The small Bavarian town of Abensberg sits on the banks of the Abens river, a tributary of the Danube. Flanked by thirty-two round and square turrets, the town was formerly the residence of the counts of Abensberg, whose castle still overshadows the town’s turreted walls.
This castle was the site of a peculiar scene. When Heinrich II, the fifth and last Holy Roman Emperor of the Ottonian dynasty, made his journey through Germany after his coronation in 1002, courtiers lavished him with offerings of gold and other treasures in order to demonstrate their fealty. When Heinrich stopped in Abensberg, he was presented with a gift of a different nature. For the Count of Abensberg brought forward thirty-two of his thirty-seven children and offered them body and soul to the new monarch. The count avowed that they were “the most valuable offering he could make to his king and country.”
How the count — or Heinrich, for that matter — managed to feed this brood of Bavarian princelings is left to historical imagination, but it is easy to picture a long table groaning with dishes of wild game prepared in a manner similar to this dish from Sabina Welserin, a sixteenth-century compiler one of the oldest German cookbooks.

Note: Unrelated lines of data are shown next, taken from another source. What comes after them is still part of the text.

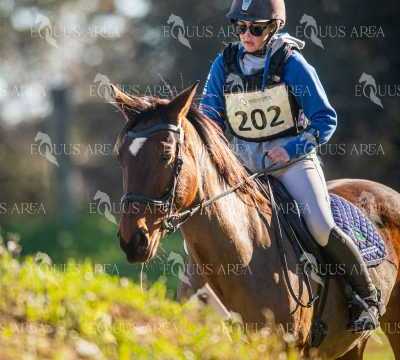 TREC02-06082024-264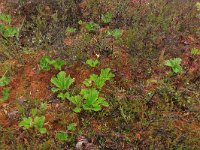 EST, Parnu maakond, Haademeeste vald, Nigula looduskaitseala 54, Saxifraga-Hans Boll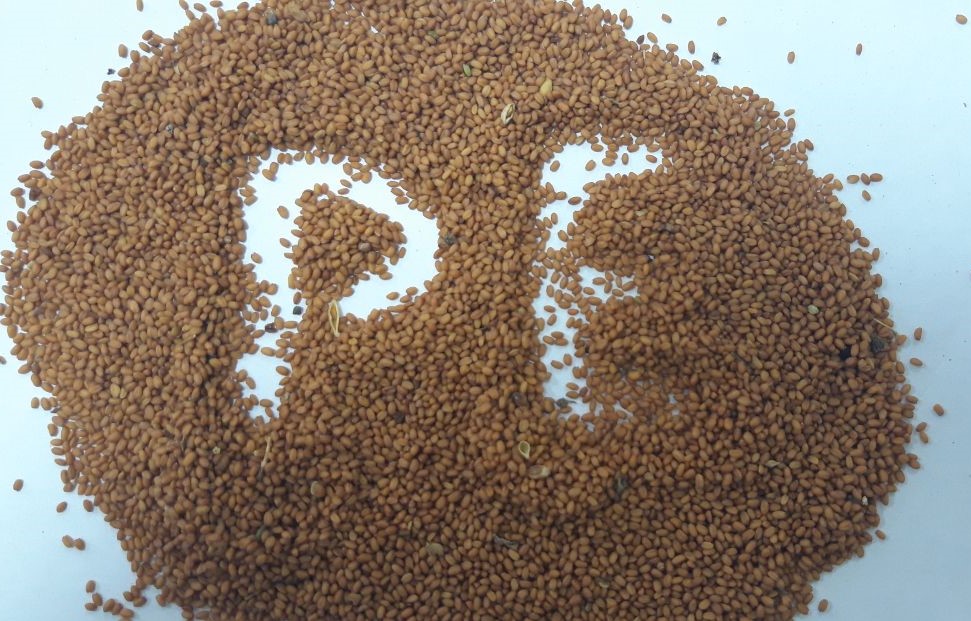 Organic Camelina seeds available in a big volumes at our warehouse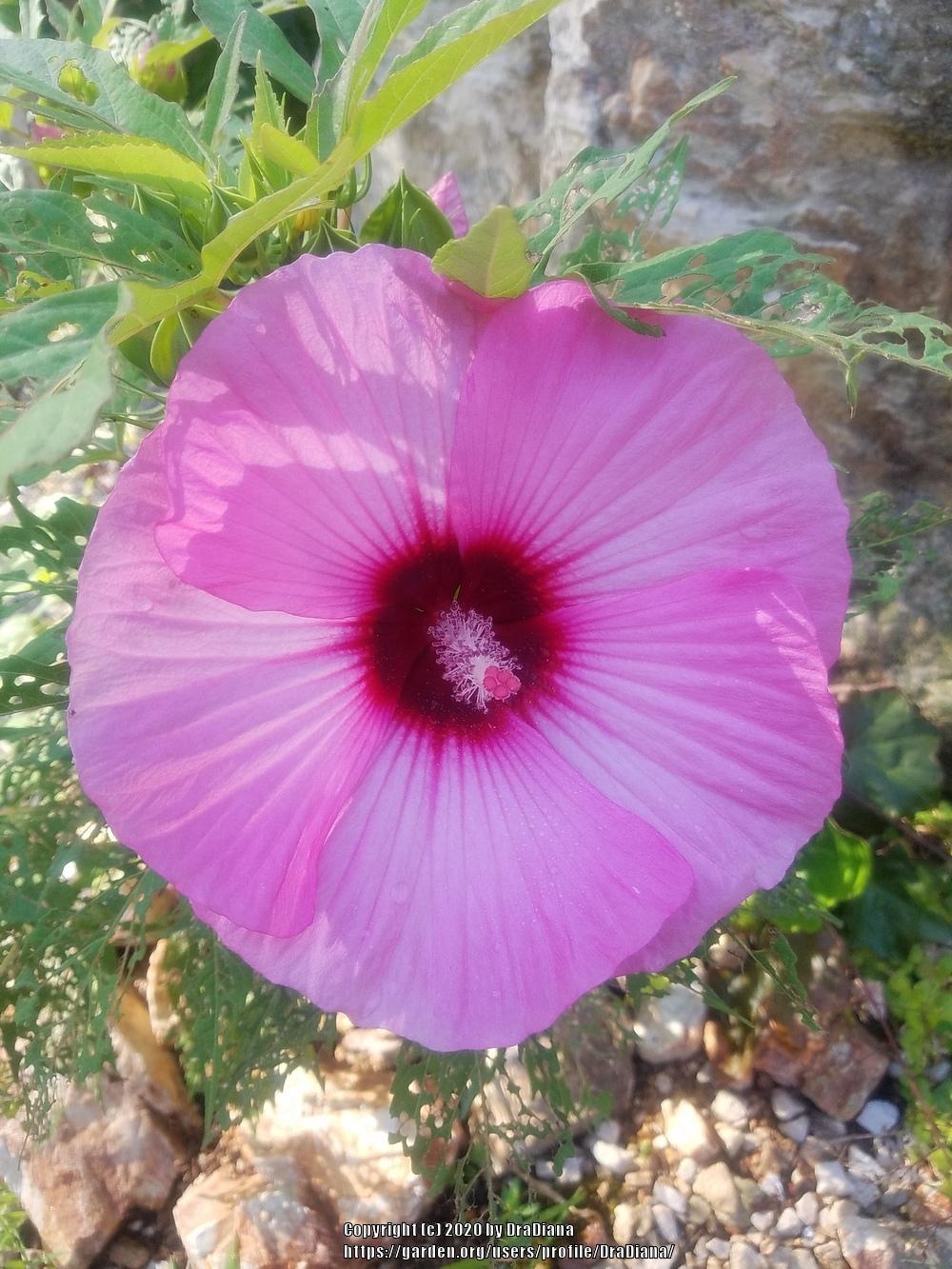 Photo of Hybrid Hardy Hibiscus (Hibiscus Summerific™ Candy Crush) uploaded by DraDiana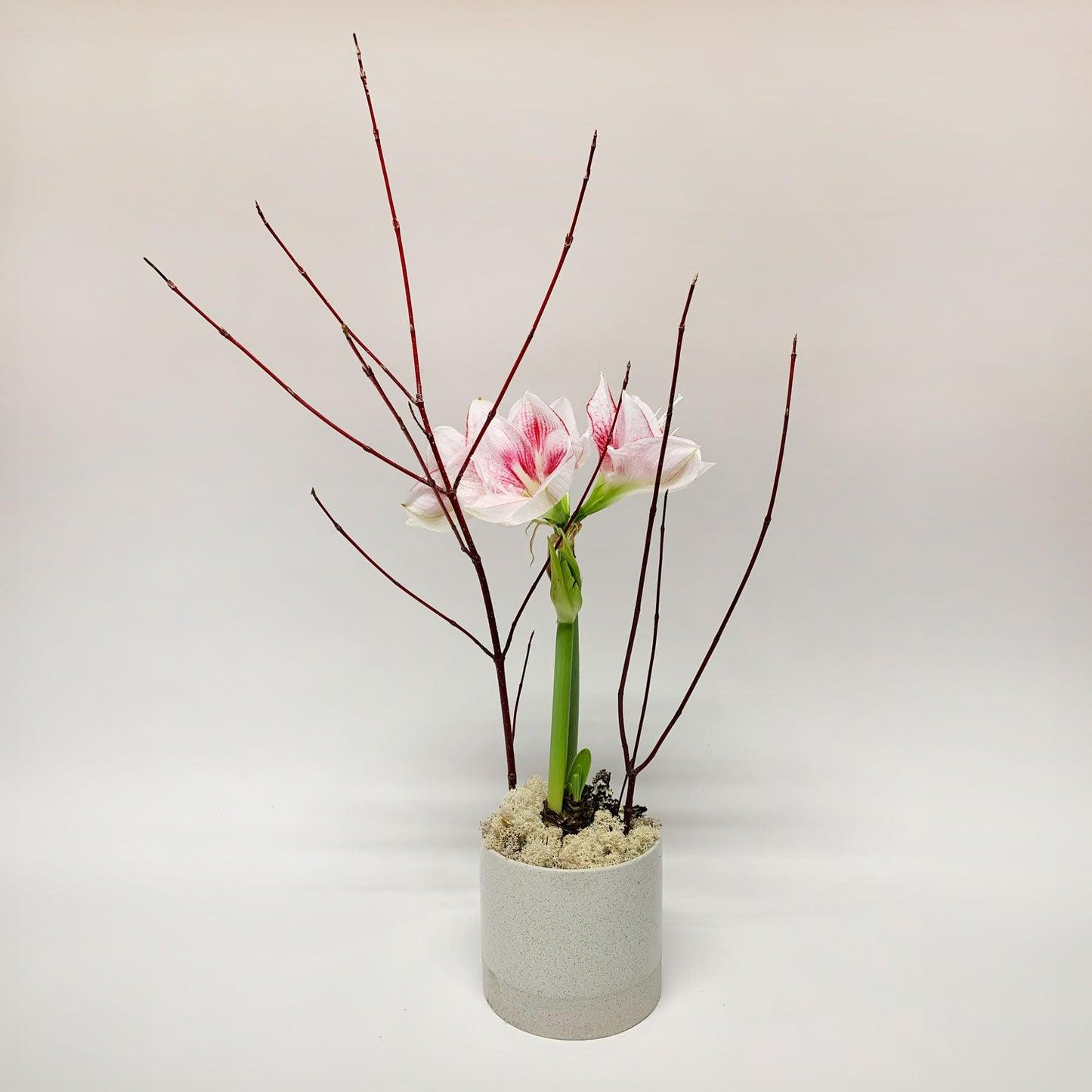 A potted amaryllis flower with long, slender red branches extending outward, set against a neutral background. Order online for flowers from the best florist in Toronto near you.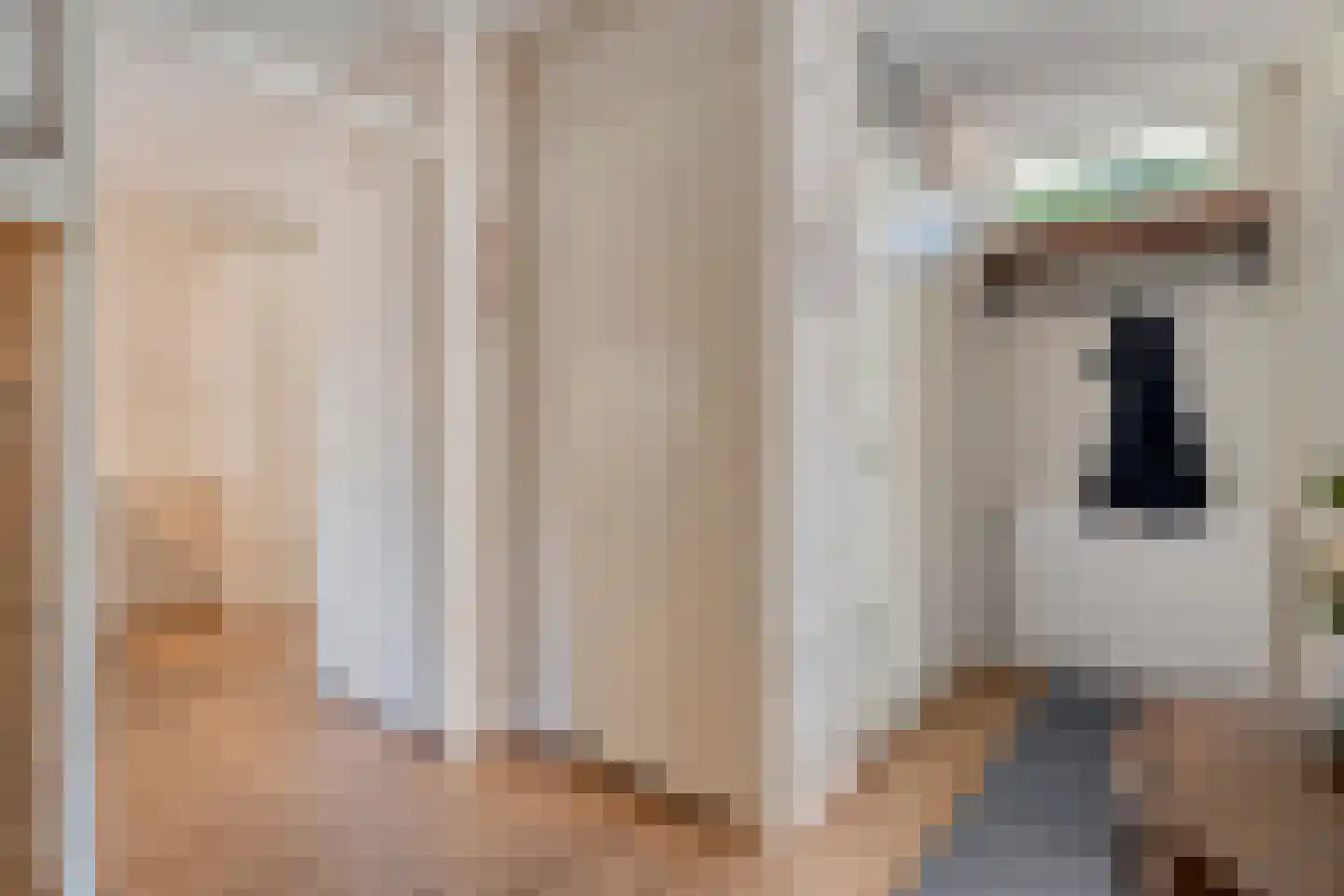Gramsbergerhof 3 Gramsbergen thumbnail 18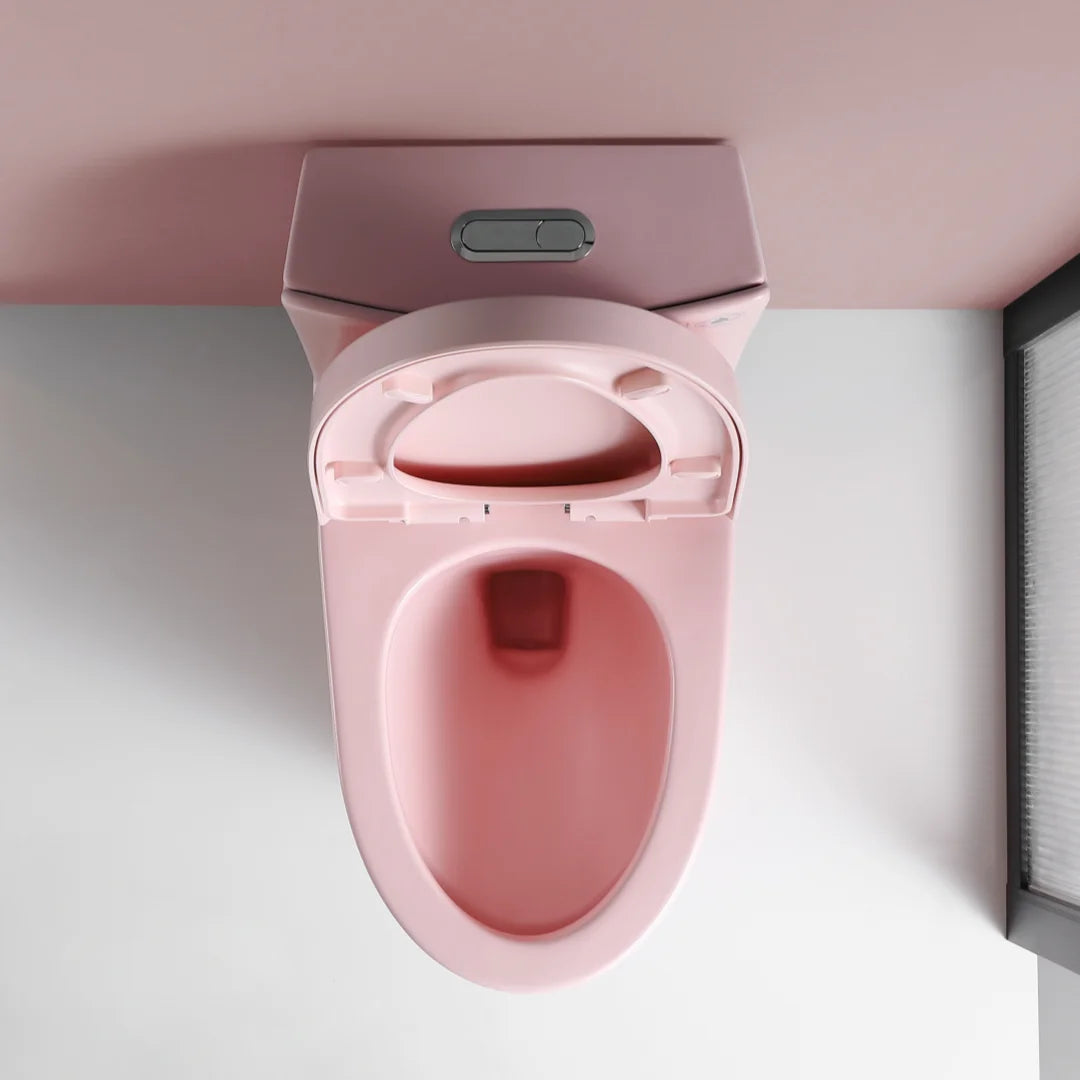 GINOST 1.1/1.60 GPF Dual-Flush One Piece Toilet, Water-Saving Elongated Comfort Height Floor Mounted, Soft Close 1000 Gram Map Flushing Score Toilet, Rose 23T01-RS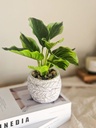 [AAH213] Planta Bicolor - eCommerce 4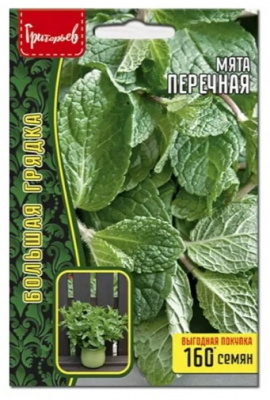 мята перечная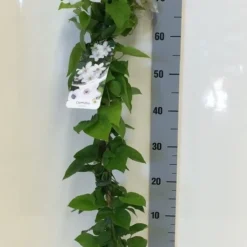 Bosrank (Clematis 'Henryi') -Groen Dome Verkoopwinkel clematis henryi 80 100 c2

Wild Game Marinated in Peppersauce
Boil fresh game in two parts water and one part wine, and when it is done, then cut it into pieces and lay it in a peppersauce. Let it simmer a while therein. Make [the sauce] so: Take rye bread, cut off the hard crust and cut the bread into pieces, as thick as a finger and as long as the loaf of bread is. Brown it over the fire, until it begins to blacken on both sides. Put it right away into cold water. Do not allow it to remain long therein. After that put it into a kettle, pour into it the broth in which the game was boiled, strain it through a cloth, finely chop onions and bacon, let it cook together, do not put too little in the peppersauce, season it well, let it simmer and put vinegar into it, then you have a good peppersauce.